Prompt> Without copying any picture, return all lines below exactly.

Source data>
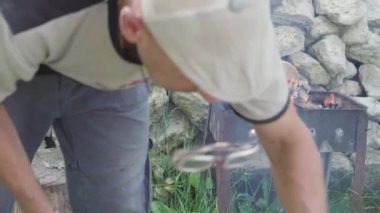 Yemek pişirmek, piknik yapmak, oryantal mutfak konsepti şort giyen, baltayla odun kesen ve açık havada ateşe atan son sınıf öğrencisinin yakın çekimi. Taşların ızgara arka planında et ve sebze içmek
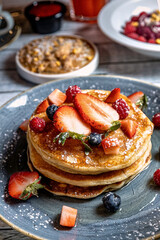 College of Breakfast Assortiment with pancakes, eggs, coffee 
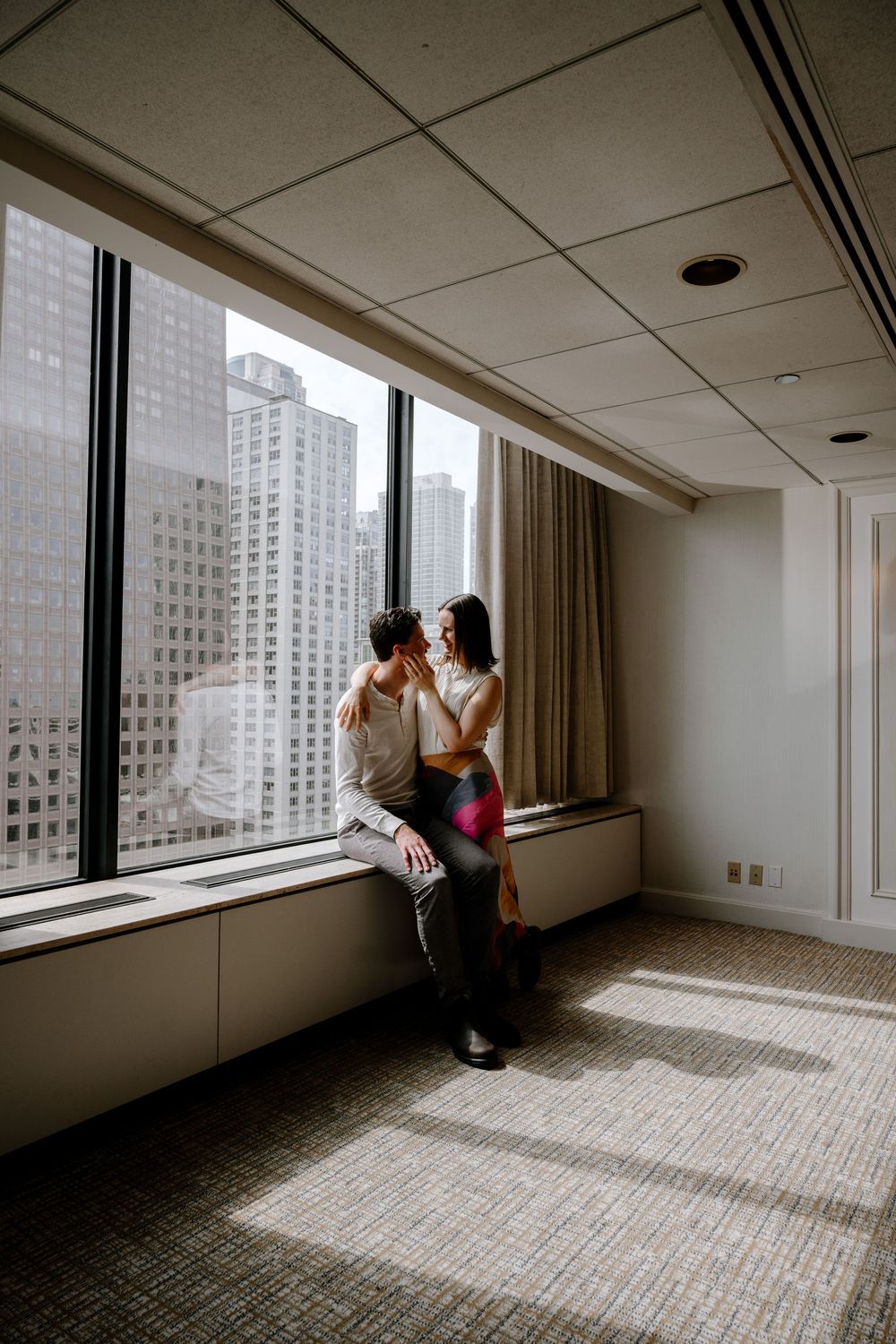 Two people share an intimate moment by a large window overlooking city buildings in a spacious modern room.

Solution to this exercise>
 Yemek pişirmek, piknik yapmak, oryantal mutfak konsepti şort giyen, baltayla odun kesen ve açık havada ateşe atan son sınıf öğrencisinin yakın çekimi. Taşların ızgara arka planında et ve sebze içmek
 College of Breakfast Assortiment with pancakes, eggs, coffee 
 Two people share an intimate moment by a large window overlooking city buildings in a spacious modern room.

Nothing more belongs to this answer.